Work through the listing below and give again exactly the lines from the one with "Avionaut Cosmo AirFlow 2.0 image 0" to the one with "Ultravox - Vienna", both ends included. All other lines and all pictures stay out.

=== Task inputs ===
■ ■ ■ ■ ■ ■ ■

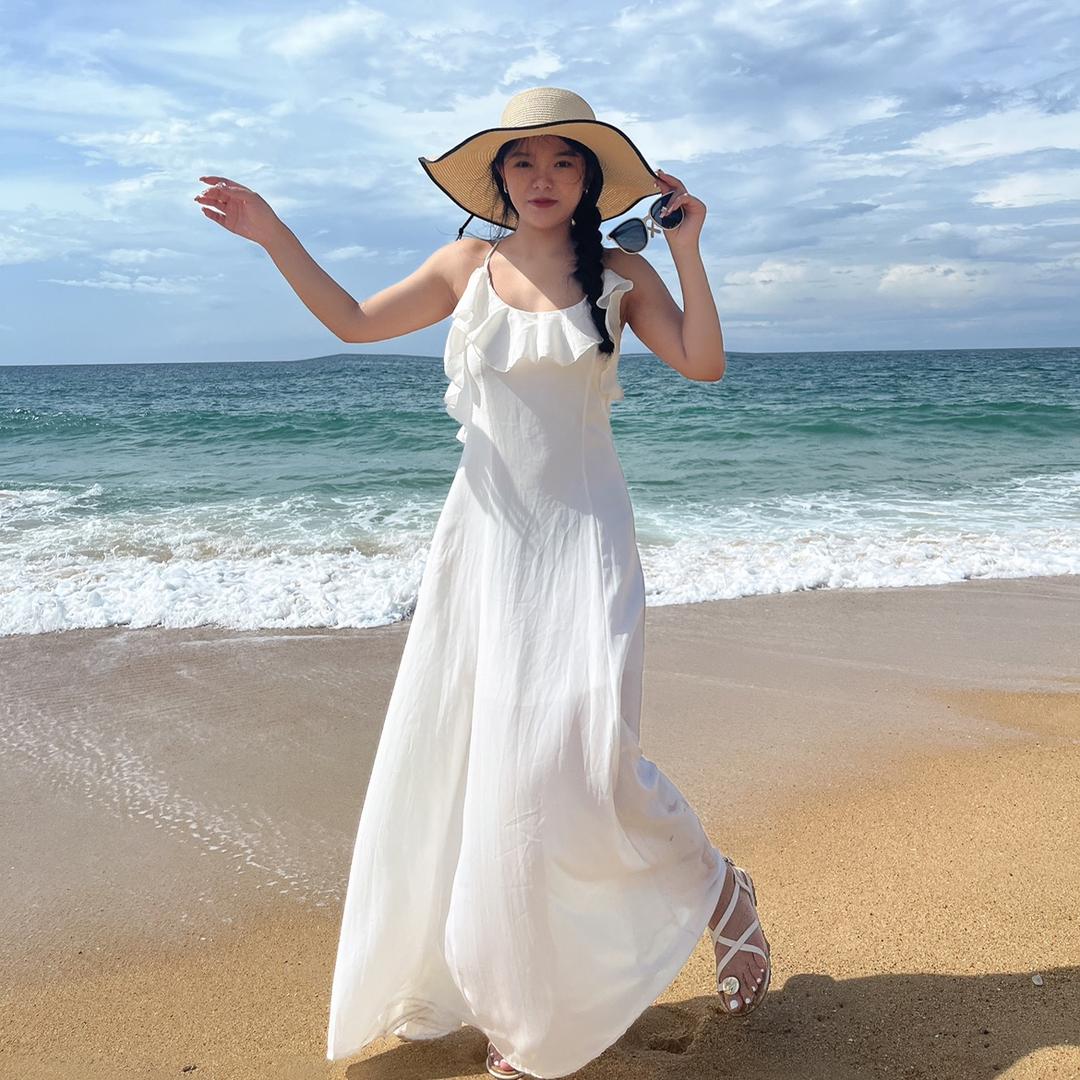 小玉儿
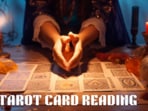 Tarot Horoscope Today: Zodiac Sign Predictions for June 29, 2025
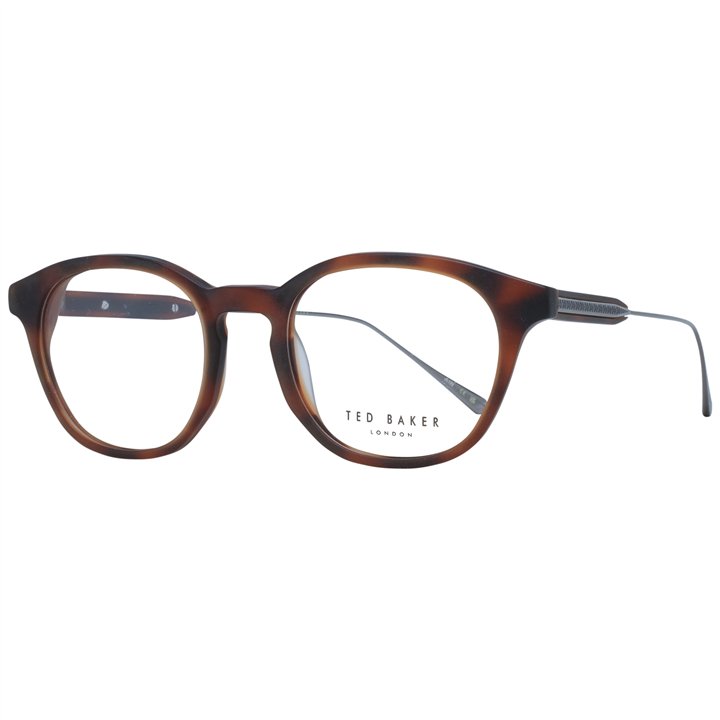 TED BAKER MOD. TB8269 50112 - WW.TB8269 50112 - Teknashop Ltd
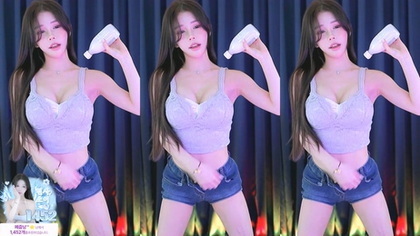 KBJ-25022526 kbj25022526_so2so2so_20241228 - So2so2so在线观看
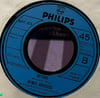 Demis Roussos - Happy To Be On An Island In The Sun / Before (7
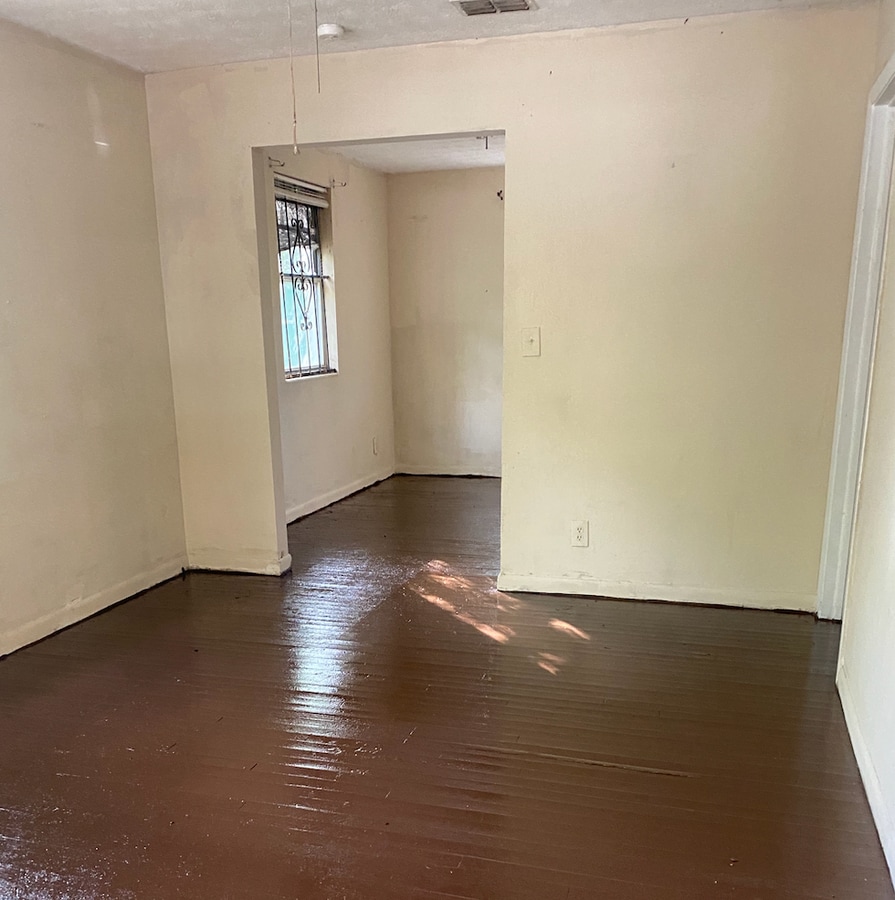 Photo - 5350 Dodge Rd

■ ■ ■ ■ ■ ■ ■

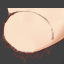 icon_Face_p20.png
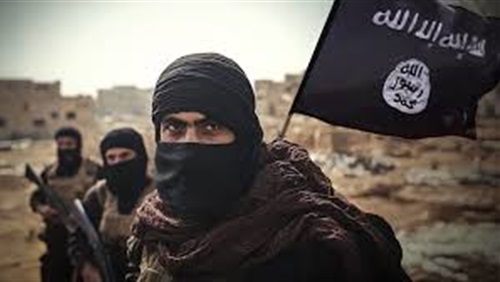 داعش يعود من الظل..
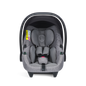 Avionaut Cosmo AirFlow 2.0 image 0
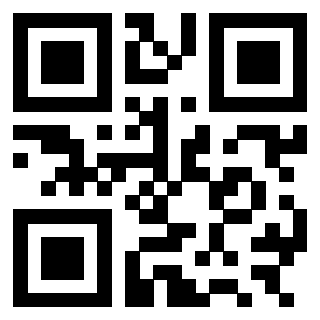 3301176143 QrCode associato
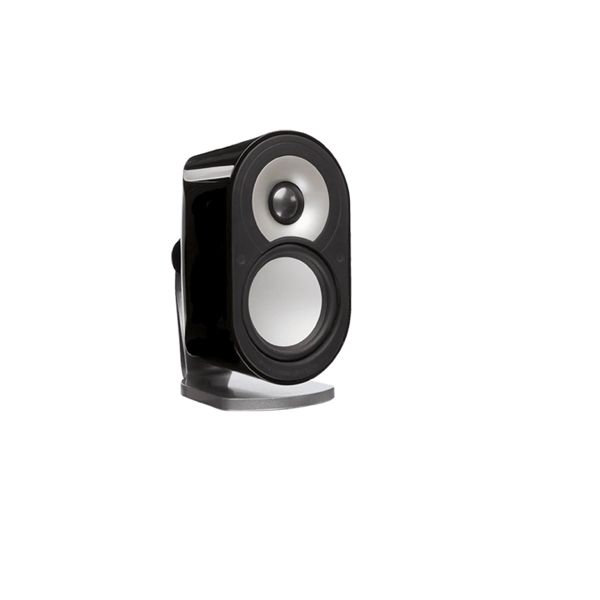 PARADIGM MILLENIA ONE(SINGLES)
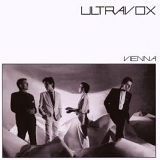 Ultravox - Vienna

■ ■ ■ ■ ■ ■ ■

=== Task solution ===
 Avionaut Cosmo AirFlow 2.0 image 0
 3301176143 QrCode associato
 PARADIGM MILLENIA ONE(SINGLES)
 Ultravox - Vienna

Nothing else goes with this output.